The Sierra Club and its allies filed a lawsuit in June against the EPA and its administrator Scott Pruitt. It seeks to block the Trump administration from suspending for 90 days the first ever national standards for the oil and gas industry aimed at curbing air pollution from methane, a greenhouse gas that is 87 times more potent than carbon dioxide while in the atmosphere.
Andres Restrepo is a staff attorney with The Sierra Club. "The most important aspect of this rule were requirements that oil and gas operators at new well sites and at new compressor stations perform annual inspections to detect and repair leaking components. The majority of the standards emission reduction benefits would have come from those provisions. The Obama administration finalized this rule in June of 2016, and the leak detection and repair requirement, the deadline for the initial inspection for these oil and gas companies was supposed to be as early as June, 2017."
On July 13th, the EPA won a two-week reprieve from a three-judge federal court panel on implementing methane release rules. Activists argue the Clean Air Act doesn’t permit EPA to suspend or delay finalized emission standards, so the methane safeguards should go into effect immediately. The Sierra Club lawsuit essentially demands the rule be enforced. Businesses say they cannot bear the cost of making changes to equipment as the rule requires.
An agency spokesperson told WAMC, the EPA does not comment on pending litigation. Another lawsuit filed in July asks the federal courts to stop the EPA's delay in implementing revised smog standards, which the agency admits will prevent 230-thousand asthma attacks and 160-thousand missed school days for children, potentially saving hundreds of lives each year. According to Seth Johnson, an attorney with the environmental law group Earthjustice, although states have submitted the required data on ozone levels to the EPA, the agency wants to delay implementation for a year, which would affect "...all of Connecticut. The New York City Area. Areas in Ohio: Columbus, Cleveland. Those are places that, when the wind blows, it often blows the harmful pollutants toward upstate New York, and all the way down across the Northeast all the way to Maine."

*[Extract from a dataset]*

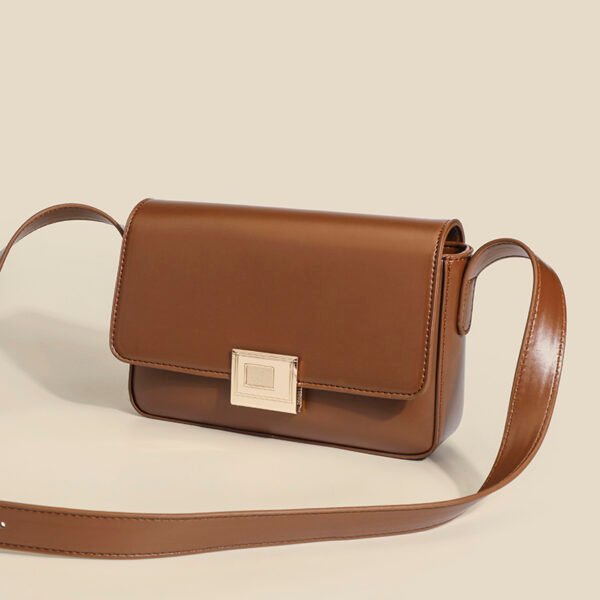 Early Spring Retro All-Match Bucket Small Bag Fashionable All-Match Mobile Phone Bag Portable Lightweight Shoulder Crossbody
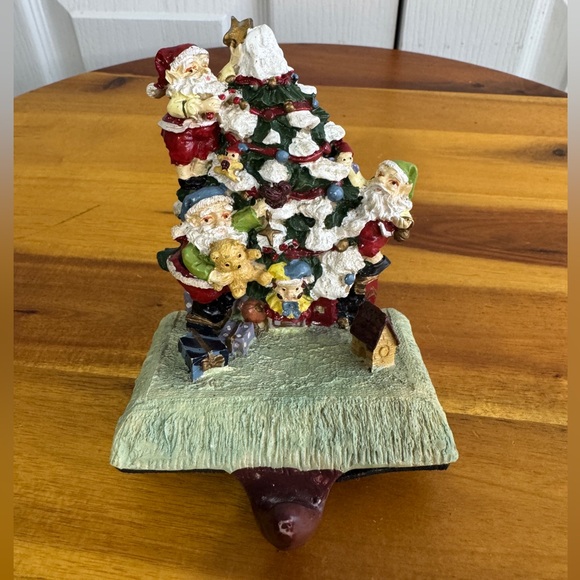 Santa’s Workshop elves Christmas tree presents stocking holder - Picture 1 of 6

If the standard is enforced, designated areas will be required to reduce ozone-forming pollution to bring communities into compliance. Another greenhouse gas, Ozone takes its toll on children and seniors. Johnson adds that it can harm healthy adults too. "This is a case about delay. So, we're trying to stop a delay, so we've been trying to move pretty quickly. So at the same time we file our lawsuit, we asked the court here in Washington D.C. to give us relief as soon as possible. To strike down EPA's illegal action. I'd anticipate wrapping up the briefing on that motion in probably mid-August, and we'd hope for a decision from the court sometime in September."